Per essi, sicuramente, la
prima chiamata è stata soltanto motivo di autocompiacimento: si sono cioè
sentiti gratificati nella loro ambizione, nel loro desiderio umano di emergere.
Gesù non li rimprovera ora per questo; ma li porta a ridimensionare drasticamente
il loro “ego”, a guardare con umiltà gli eventi della vita, il loro significato
reale e profondo. E spiega: “Chi vuol essere grande sia servitore, e chi
primo, ultimo”. Ecco, con due sole parole, “servitore” e “ultimo”
smonta tutti i loro sogni di grandezza; due parole che ben meritano una
spiegazione: il “servitore” (“diàconos”) è colui che serve gli altri
volontariamente e con piacere; non è costretto, ma spontaneamente si mette a
disposizione del prossimo. Lo fa per amore, per passione, per condividere con i
bisognosi la gioia che sente dentro di sé. “Servire” è dunque fare
gratuitamente ciò che procura gioia ad altri. Essere “ultimo”, poi, (in greco “dûlos”, lo
schiavo), significa conformarsi al gradino più basso della servitù. Significa
in pratica non di essere “schiavi” nel senso corrente del termine, ma di
considerarci comunque tali, cioè all’ultimo posto: e questo non perché siamo
indegni o non valiamo niente; non perché siamo dei sottomessi senza iniziative,
delle persone insignificanti: ma perché, se ci sentiamo ultimi, sappiamo che
tutti gli altri sono sopra di noi, che tutti gli altri meritano onore e
rispetto più di noi. Quelli invece che “sono considerati i governanti delle
nazioni”, cioè quelli che stanno ai posti d’onore, non si comportano certamente
così: essi si ritengono i “primi” in assoluto, considerano tutti gli altri
inferiori a loro, li guardano con disprezzo, con sopportazione, con arroganza.
E Gesù conclude: “Il
Figlio dell’uomo, infatti, non è venuto per essere servito ma per servire e
dare la propria vita in riscatto per molti”.

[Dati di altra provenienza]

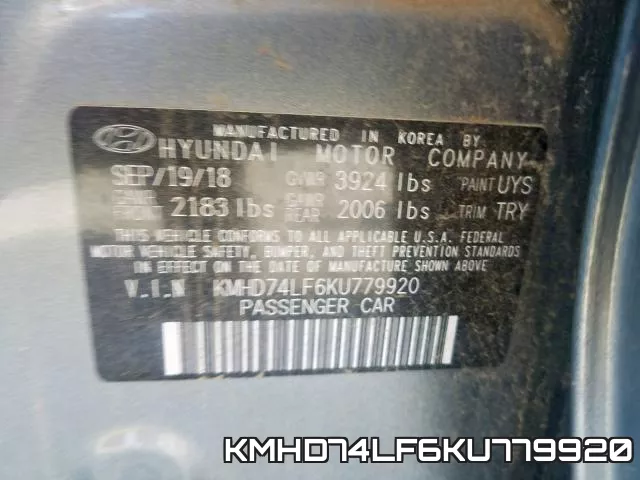KMHD74LF6KU779920 фото 2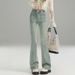 2025 Spring Summer New Flared Jeans Women's Bootcut Pants Slim Fit Versatile Stretch High Waist Floor-Length Bell-Bottom_ecoleips.com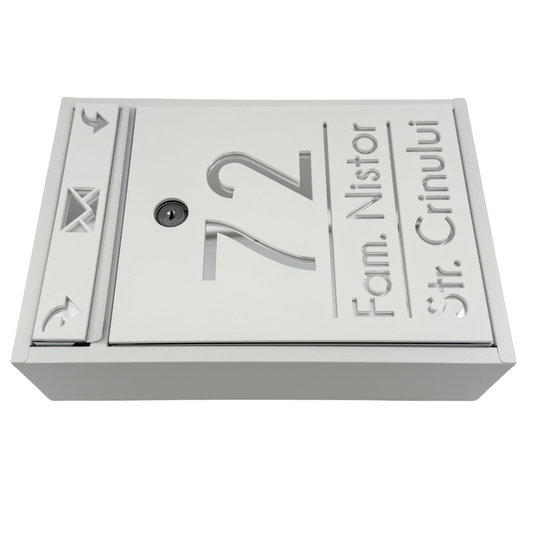 CUTIE POSTALA PERSONALIZATA - White Satin Silver Mirror - 32x22×9 cm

Qui Gesù parla apertamente di
“riscatto”: era il “lytron”, la somma che bisognava pagare per
riscattare dalla schiavitù una persona, oppure l’importo che la famiglia doveva
corrispondere ai creditori per riscattarsi dai debiti, o il prezzo da liquidare
ai vincitori per far rimettere in libertà i loro cari catturati in battaglia.
Gesù dunque si fa uomo come
noi, per pagare con la sua vita il “lytron”, il riscatto per la
vita di “molti”, per l’umanità intera. E per questo sacrifica, come sottolinea
qui il testo, la sua “psyché”: mette cioè sul piatto del riscatto la sua
vita, la sua “vitalità”, la sua energia, la sua forza, la sua fiducia in Dio,
la sua conoscenza del Padre: in una parola, tutto quello che lui ha lo investe
per liberarci, per affrancarci, per toglierci dalle nostre prigioni e dalle
nostre schiavitù, per ripagare tutti i nostri debiti; è venuto su questa terra
e ha speso tutta la sua vita, perché noi potessimo essere liberi, dimostrando
con ciò quanto grande fosse il suo amore per noi.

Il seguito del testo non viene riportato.